Ready for some more Just Walk Across the Room stuff?
Continuing with the theme from the last entry, God continues to stir my heart to be aware of those around me who are far from God and yet so close to God's heart, that he yearns for them to know him. I have still to reschedule the lunch date with the friend who I want to love on. I'm so thankful God is restoring my health and I'm ready to pursue that encounter this week.
I've learned another neighbor is facing a distressing situation, and I'm receiving some creative ideas for expressing care and love to her. But in so many ways, I feel like I'm in the entry level course on Developing a God-Heart to See and Hear This walking across the room business takes practice! Like Hybels says in the study, it starts with prayer. He somehow manages to get out of bed, knees first, to remind him to offer the day to God for opportunities to share love and whatever words the Spirit gives him, to everyone he meets. Lord, give me this kind of passion and earnestness that comes from a heart that beats like yours! No, I'm not going to get out of bed knees first. There are days when feet first is a creaky process and enough first-of -the-morning exertion! But I do want to consciously pray for opportunities to be used to bring his love to those around me.
Another exercise suggested in the study is to read Psalms 139 and focus on verse 14 which says all of us are fearfully and wonderfully made. What if we lived each day looking for the wonder of others? To notice how each personality and physical feature of people are hand-made, artistically crafted, and each gift or talent selectively endowed. I've set about the day to do this several times and it isn't long before activity and busyness block out that intention, and I forget to focus specifically on God's creation in those I'm intersecting with. I will continue to practice.
One of the bigger assignments in the study is to learn to write our own stories succinctly and without jargon and superiority issues. Will a person far from God understand my familiar-to-Christians-only words? Will I come across as one who has it all together and therefore imply that the listener doesn't? By succinct, Hybels means and recommends a testimony of no more than 100 words and delivered in a minute or so. Of course, that doesn't do justice to all the wonderful things God has done in his people but serves more as an appetizer, a taste of God-flavor that will have them coming back for more. Christians are to be salt in the world; creating spiritual thirstiness. After listening to non-believers' life experiences, and when they seem ready to hear, we may have opportunity to share what God has done for us and his story of redemption.

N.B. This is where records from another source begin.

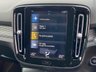 USED 2021 70 VOLVO XC40 1.5 T3 R-DESIGN 5d 161 BHP 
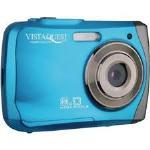 VistaQuest VQ8920 Sport 8MP Digital Camera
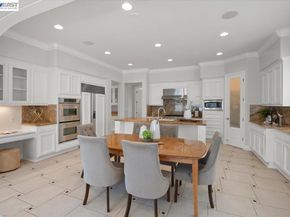 875 Sunny Brook Way, Pleasanton CA 94566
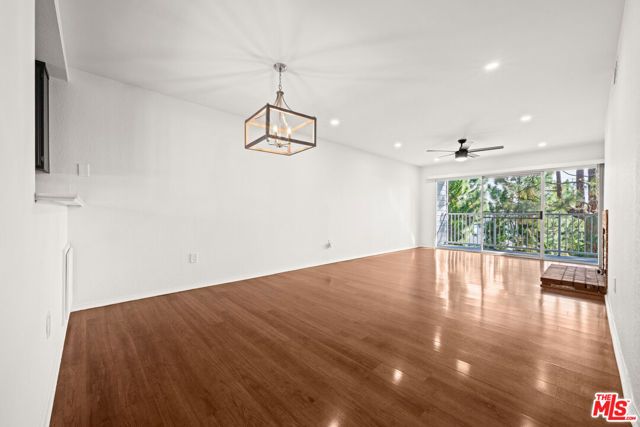 1418 Brett Place 205, San Pedro (los Angeles), CA 90732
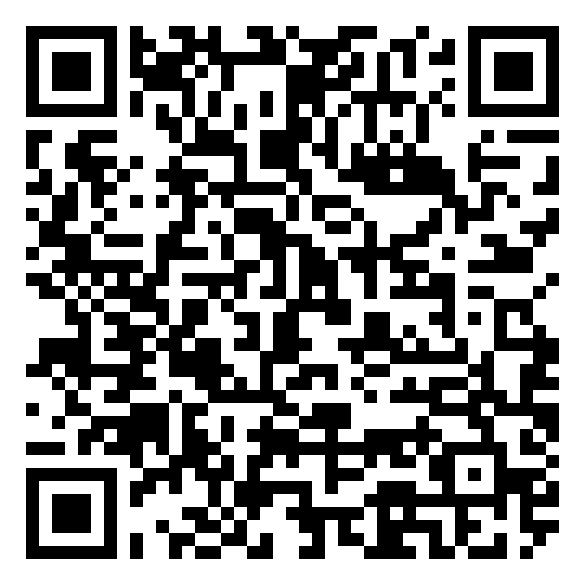 kod QR z danymi kontaktowymi 52551453400000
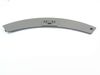 9605846-2-S-Samsung-DC63-01755A-COVER HANDLE;DV9100HA,PP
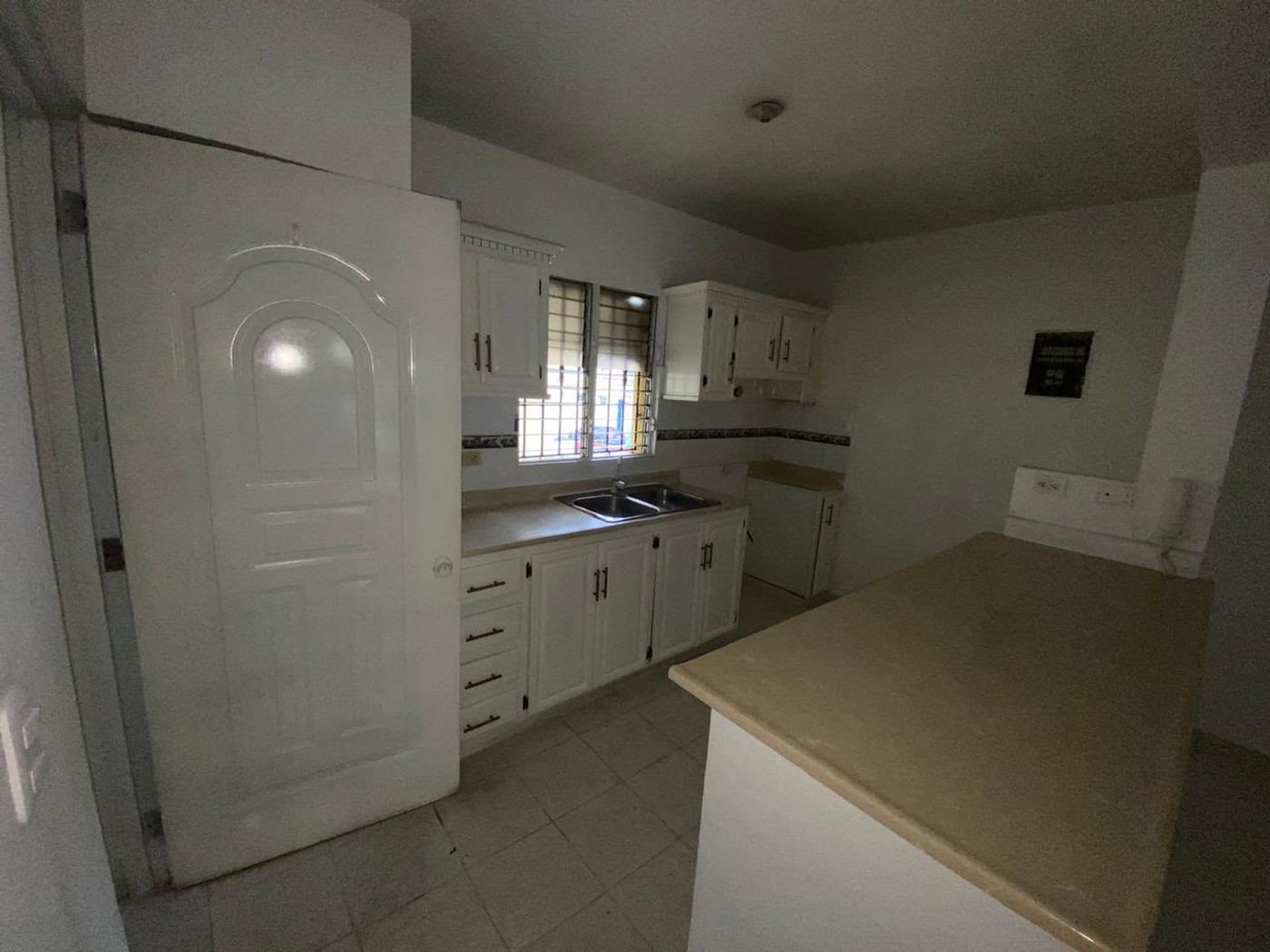 Apartamento en venta el sector Alma Rosa II – foto 5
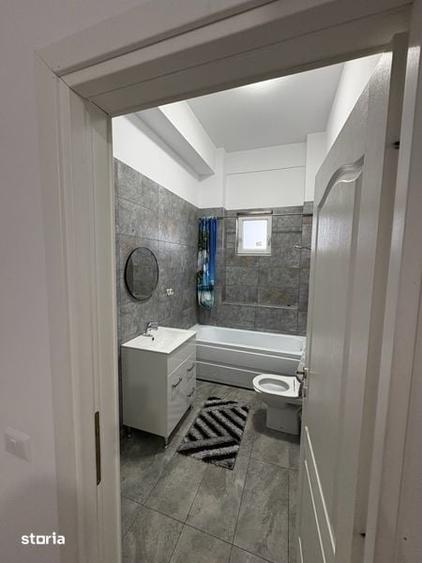 Inchiriez ap 2 camere - 4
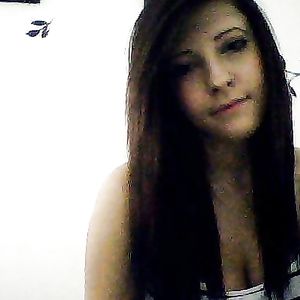 My dirty 18 year old Ex - teen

Can you do that? Could you share your God story in 100 words or less? It was challenging for me and because I've grown up loving God what could I share about how Christ changed my life? During childhood I recognized my sin and need for Christ to redeem and save me, and there was a specific time I made a commitment to follow him, but that hardly marked a huge change in my behavior.

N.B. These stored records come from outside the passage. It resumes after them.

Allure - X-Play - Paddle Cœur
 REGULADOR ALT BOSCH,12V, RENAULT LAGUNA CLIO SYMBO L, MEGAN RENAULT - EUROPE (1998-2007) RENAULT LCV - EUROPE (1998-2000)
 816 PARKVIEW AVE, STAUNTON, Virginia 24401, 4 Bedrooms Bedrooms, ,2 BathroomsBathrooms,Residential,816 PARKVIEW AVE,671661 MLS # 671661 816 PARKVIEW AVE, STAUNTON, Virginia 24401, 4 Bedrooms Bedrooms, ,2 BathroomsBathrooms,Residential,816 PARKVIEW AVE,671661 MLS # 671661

So what has brought the biggest change in my life because of Christ's presence and work of salvation? What experience or encounter would showcase the grace God extended to me that most impacts the way I now live? Here's what I came up with, and I share it to encourage you to make your own story ready to be shareable.

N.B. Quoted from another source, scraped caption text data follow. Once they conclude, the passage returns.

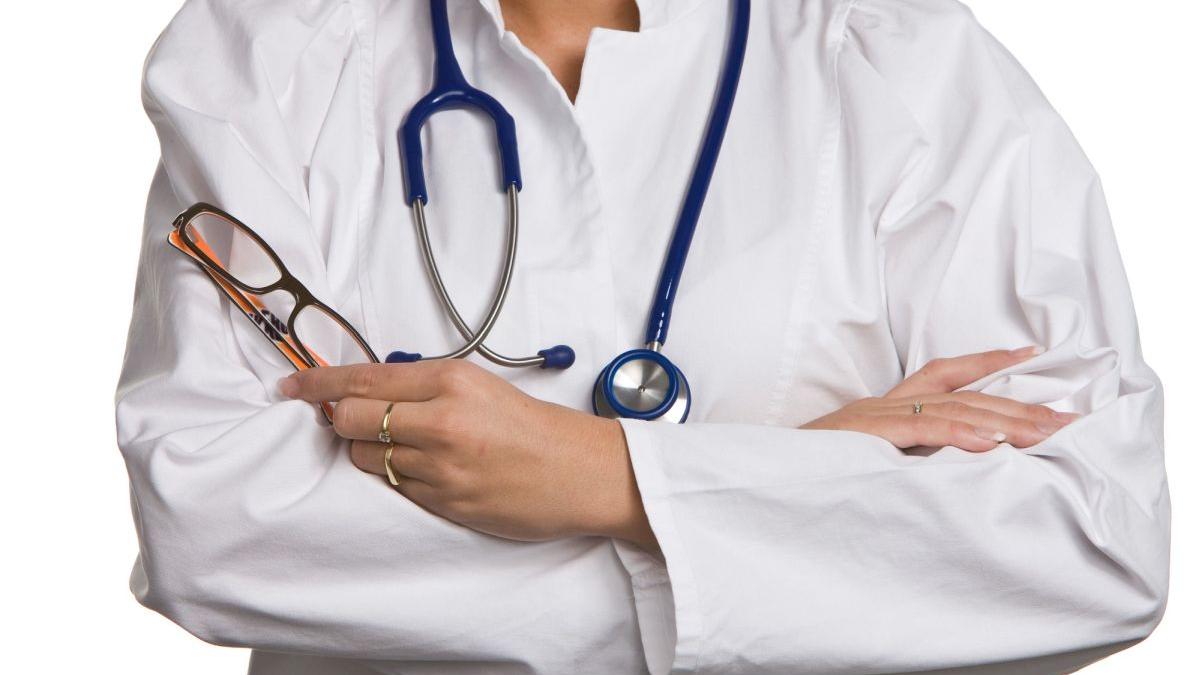 Salariile din sănătate. Cât câștigă un medic în fiecare lună
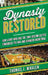 Dynasty Restored: How Larry Bird and the 1984 Boston Celtics Conquered the NBA and Changed Basketball by Thomas J. Whalen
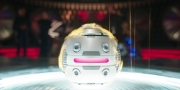 Filename=extant_StarTrekDiscovery_1x02-BattleAtTheBinaryStars_3407.jpg
Filesize=145KiB
Dimensions=1920x960
Date added=Dec 31, 2018 extant_StarTrekDiscovery_1x02-BattleAtTheBinaryStars_3407.jpg
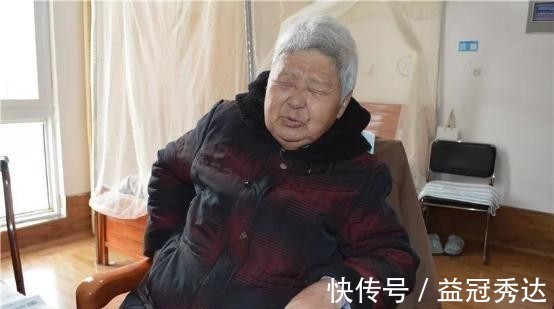 卷心菜|91岁院士研究血脂50年,提醒:3种食物会打垮高血脂“因子”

I grew up knowing and loving God and seeing parents who loved him, but I also believed that when I messed up, God was angry with me and I had to work hard to get back into his graces. This produced a lot of guilt in my life and I struggled with anxiety and rejection. My husband died when I was 38 years old, leaving me with 3 dependent children. I no longer had someone to lean on and depend on. I had to face my fears and trust God completely. I learned that Christ's love and peace are unconditional and deep enough to keep me safe , no matter what happens in life. I became more confident and peaceful in relationships and all of life. I'm still a work in progress, but I know the reality of God's comfort and presence with me always, especially during stressful and anxious times.
Blessings my fellow God-flavored saints! May we be his messengers of good news!